REID AND THE BRASS....PART 3....As a followup to the Harry Reid micro-kerfuffle from yesterday, here is Melissa Tryon, a West Point grad who suggested in our current issue that Democratic leaders should criticize the military brass:

Bluntly put, there's no escaping the role played by top military brass in getting us to this point. Nor can the brass avoid blame for understating the catastrophic implications of White House decisions for military readiness, training, supply, recruiting, medical systems, and overall morale....For too many senior military officials, going along with poorly considered civilian plans has been justified in the name of respect for civilian control. It often looks more like careerism masquerading as principle.

....For any Democratic candidate genuinely interested in making inroads with the military, learning about the perspectives of enlisted soldiers and lower-ranking officers — not admirals and generals — will be essential. With any luck, such a candidate will come away convinced of the need for greater accountability from the upper ranks, echoing down through subordinate leaders and across to civilian counterparts.

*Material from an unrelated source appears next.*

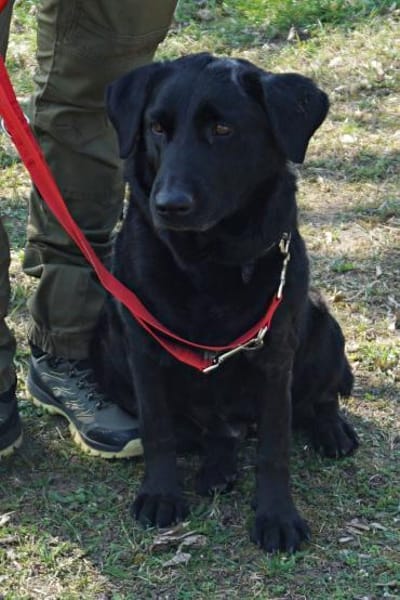 Liliana, ruhig, kinderlieb, lernwillig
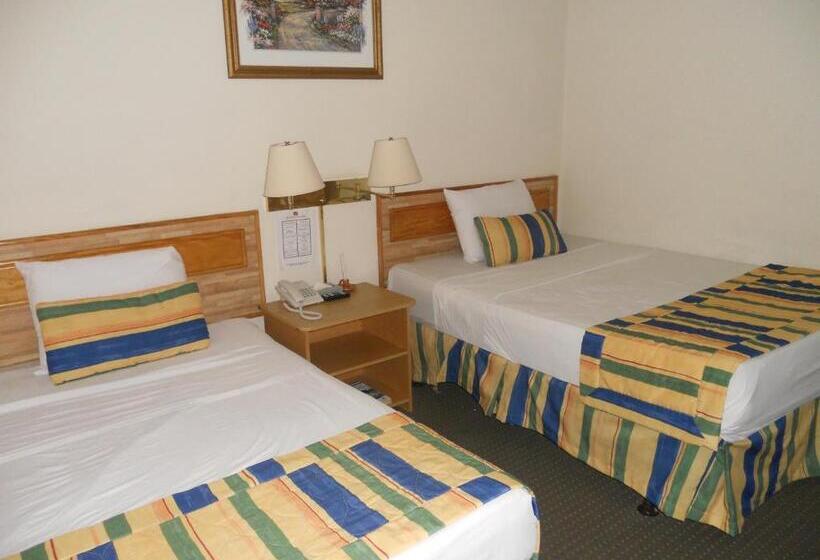 غرفة قياسية, Mediterráneo Plaza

That's right. In a democracy with civilian control of the military, criticism of the top brass is not only appropriate, it's necessary. It's what you get from people who actually care about how well the military works and whether our soldiers have the right leadership.

Conversely, what is despicable is drive-by smears from blogosphere point-scorers who try to pretend that criticism directed at the chairman of the Joint Chiefs of Staff amounts to "antimilitary slurs." That's nothing more than a desperate libel from the crowd that apparently thinks that pro-war and pro-military are the same thing. Even for them, though, you'd think that how the war was fought would matter to them.

As for Reid, the only mistake he made was in not sticking closer to his guns. If he has serious criticisms to make of Peter Pace, he should make them without apology. If his criticisms are legitimate — and Pace's habit of regurgitating administration happy talk is certainly a fair target — then neither the troops nor the public will have a problem with it. They'll only have a problem if it looks like he's not willing to say in public what he's willing to say in private.